FIとCOは密接に連携しており、たとえば仕訳データをもとに部門別の収益性を即座に可視化することが可能です。さらに、監査や税務対応のためのログや証跡管理も標準で備わっており、内部統制の強化にも寄与します。

人事モジュール

人事領域をカバーする人事モジュールは、従業員の入社から退職までのライフサイクルを一元管理するためのモジュール群です。従来の人事管理に加え、近年ではタレントマネジメントの領域でも活用が広がっています。

主なモジュールには以下があります。

モジュール 役割
PA(Personnel Administration:人事管理) 個人情報管理・雇用契約・組織異動・勤怠記録など、従業員情報を管理する
OM(Organizational Management:組織管理) 部署・職位・上司部下関係など組織構造の定義と管理を行う
PY(Payroll:給与計算) 給与計算・社会保険料の控除・賞与支給・源泉徴収票の発行などを自動化する
TM(Time Management:勤怠管理) 出退勤管理・休暇申請・シフト勤務管理など、勤務時間に関する管理をサポートする

さらに、タレントマネジメント機能では、従業員のスキル評価、研修履歴、昇進候補者の可視化なども可能で、人材の戦略的活用を促進します。

その他のモジュール

SAPには上記の主要領域以外にも、さまざまな業務をカバーするモジュールが多数用意されています。

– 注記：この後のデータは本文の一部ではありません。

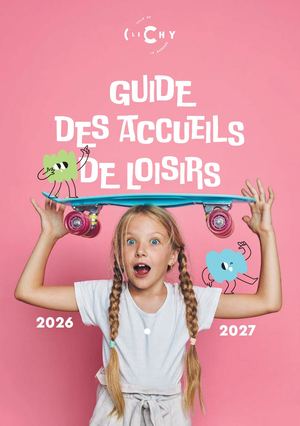 Guide des accueils de loisirs 2026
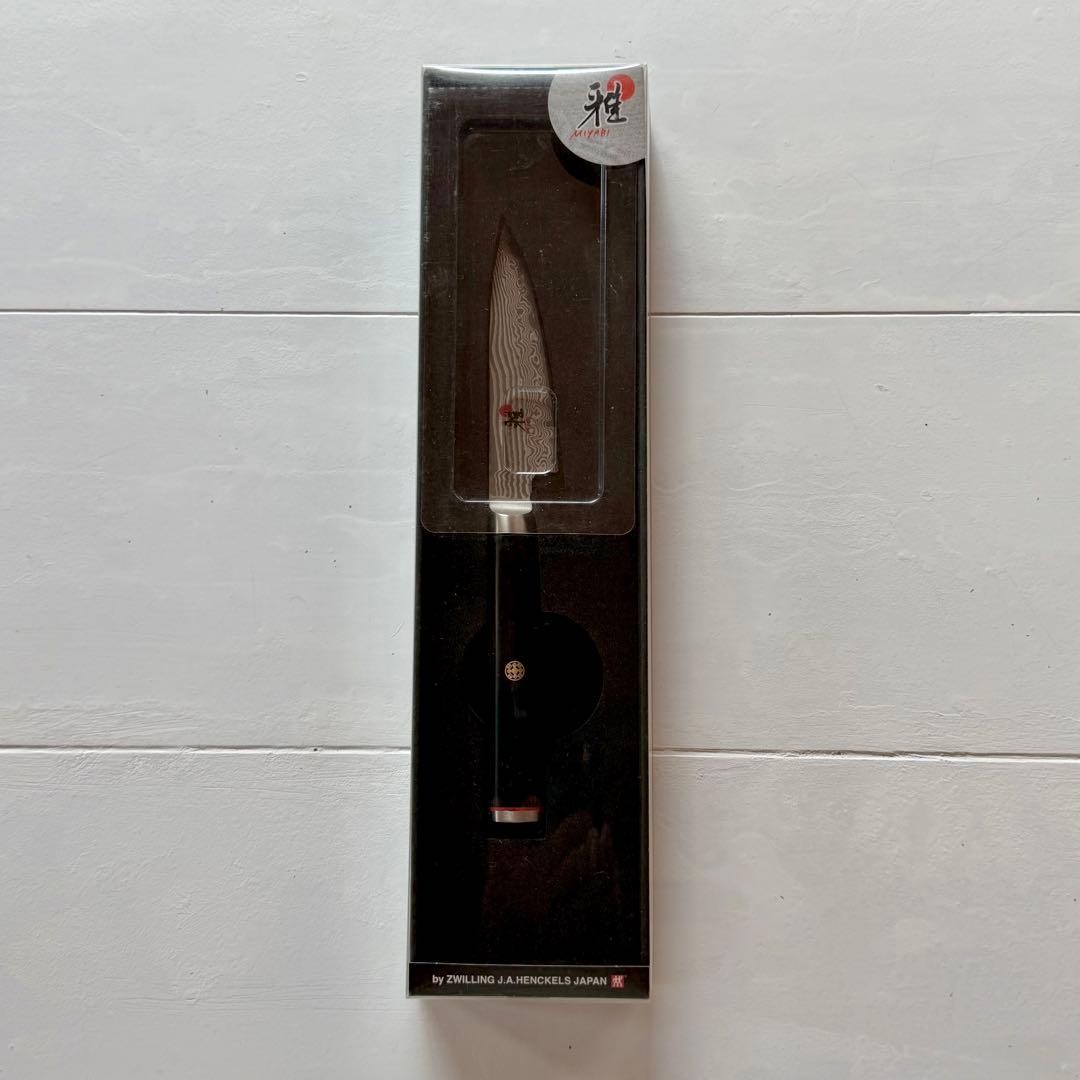 Zwilling J.A. Henckels Miyabi 5000FCD Small Chef Knife 9cm /Unused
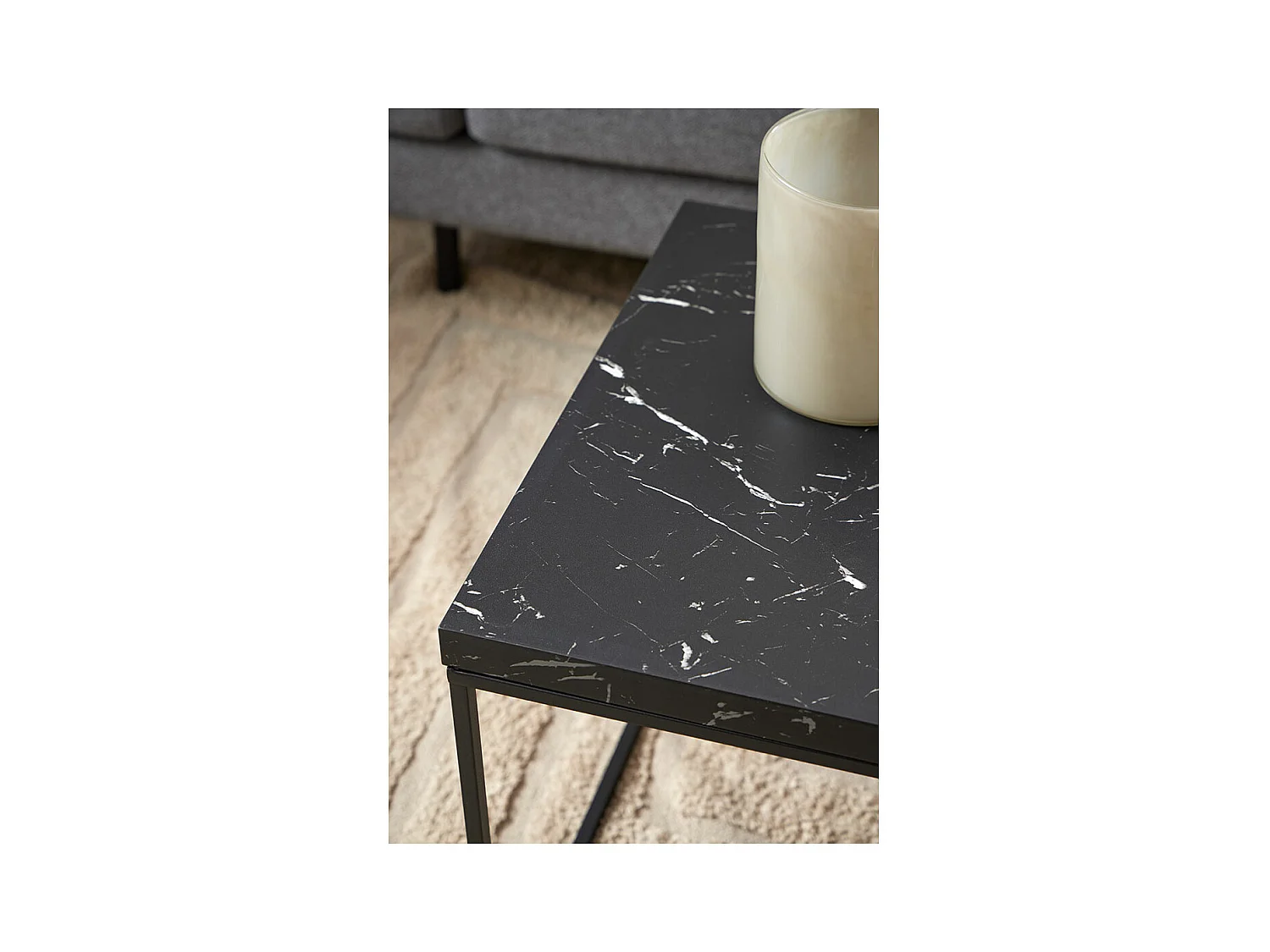 Barossa table basse noir.
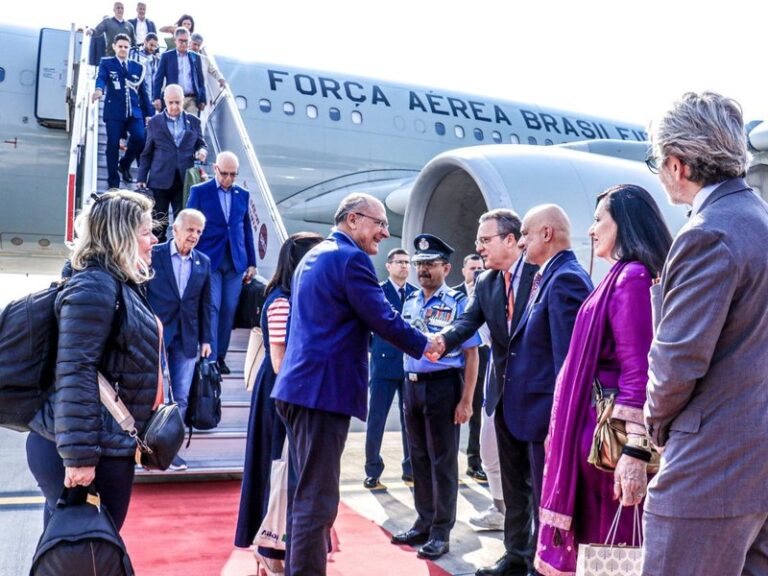 Brazils Vice President Geraldo Alckmin visits New Delhi to boost trade
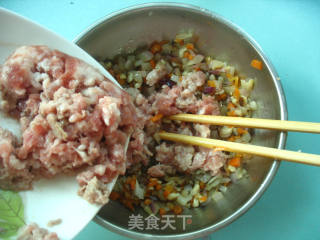 【花样包菜】--茄汁包菜包的做法步骤：5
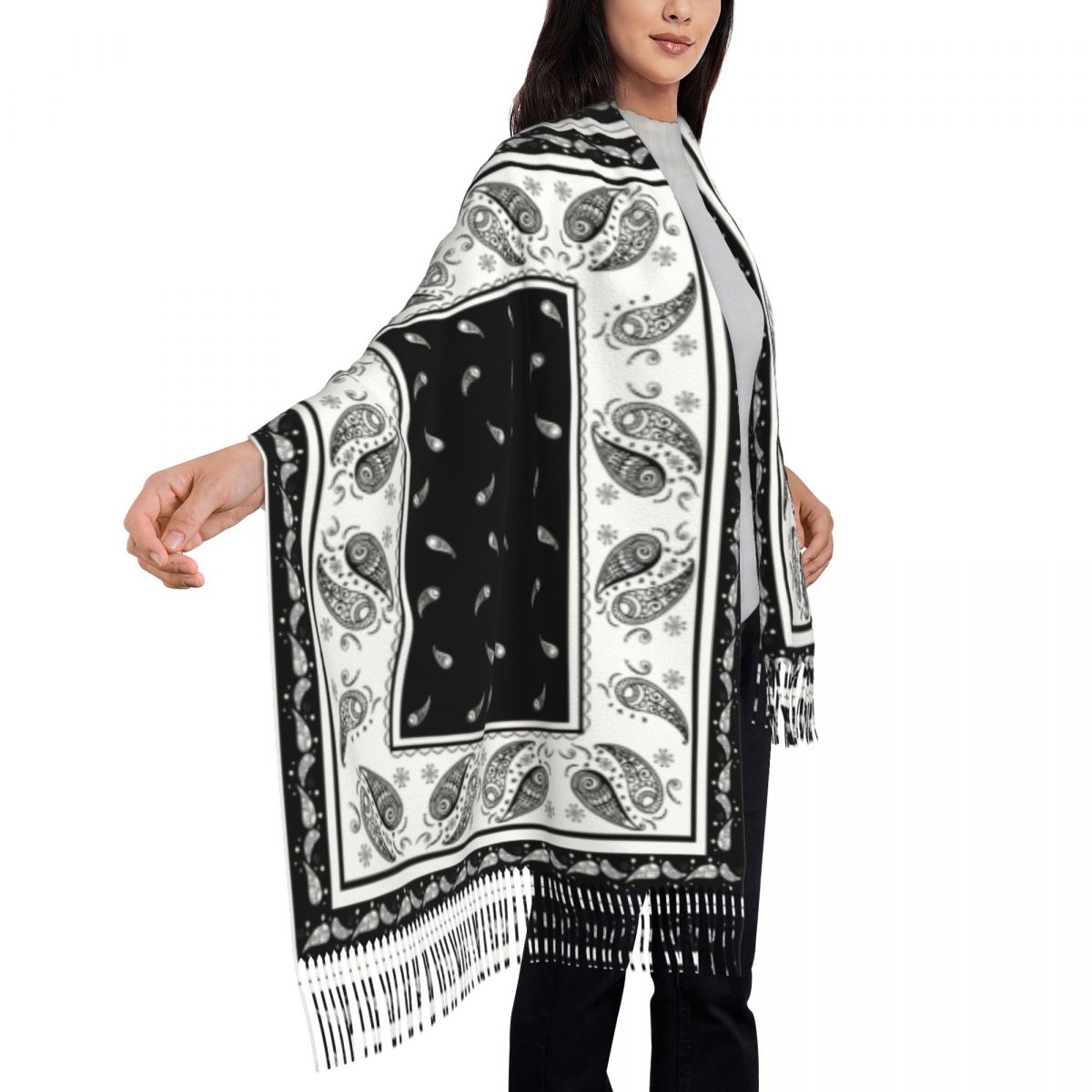 Custom Print Ethnic Bohemia St - Go Ethnic Fashion reseña y precio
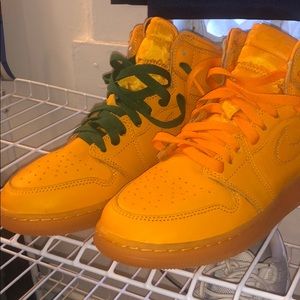 Jordan 1 gs gatorade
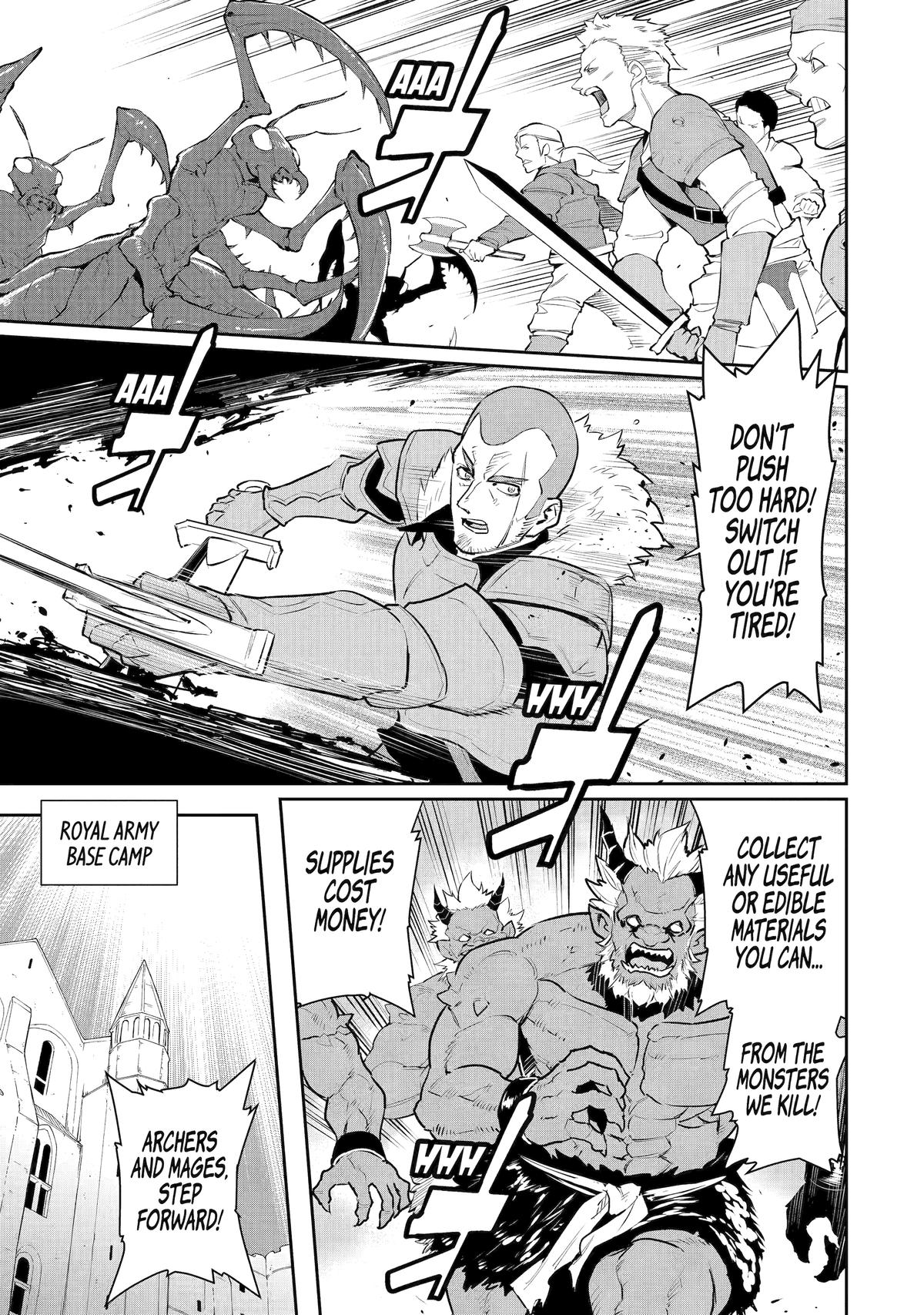 After Being Deported From The Country, I Became the 4th Enchanter in the World! Chapter 41 page 6 - Chapter 41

企業の業種や業態に応じて、必要なモジュールの追加導入が可能です。たとえば、以下のようなモジュールが挙げられます。

モジュール 役割
QM(Quality Management) 品質管理と品質保証に関するデータ管理を行う
PS(Project System) プロジェクトの計画、進捗管理、工数記録、原価管理などを一元化する
PM(Plant Maintenance) 設備の定期点検・修理履歴・予防保全計画の作成など、設備保全業務を支援する
CRM(Customer Relationship Management) 顧客管理・営業活動・キャンペーン管理・顧客対応履歴の記録などを統合管理する
BI(Business Intelligence) あらゆる業務データを集約・可視化し、経営分析やレポーティングを支援する

これらのモジュールを自由に組み合わせることで、企業の業務要件や業種特性に応じた最適なERP構成を実現可能です。

SAPとその他のERPの選び方

SAPとその他のERPのどちらを選ぶべきか、選定のポイントを解説します。企業規模や重視する点によって、適したソリューションを採用しましょう。

グローバル企業にはSAPのERPがおすすめ

多国籍展開している大企業や、海外子会社・現地法人を持つ企業には、SAPのERPが最適です。SAPは多言語・多通貨対応に加え、各国の税制・会計基準・商習慣への準拠が標準機能として備わっており、国や地域をまたぐ業務でも統一的に運用できます。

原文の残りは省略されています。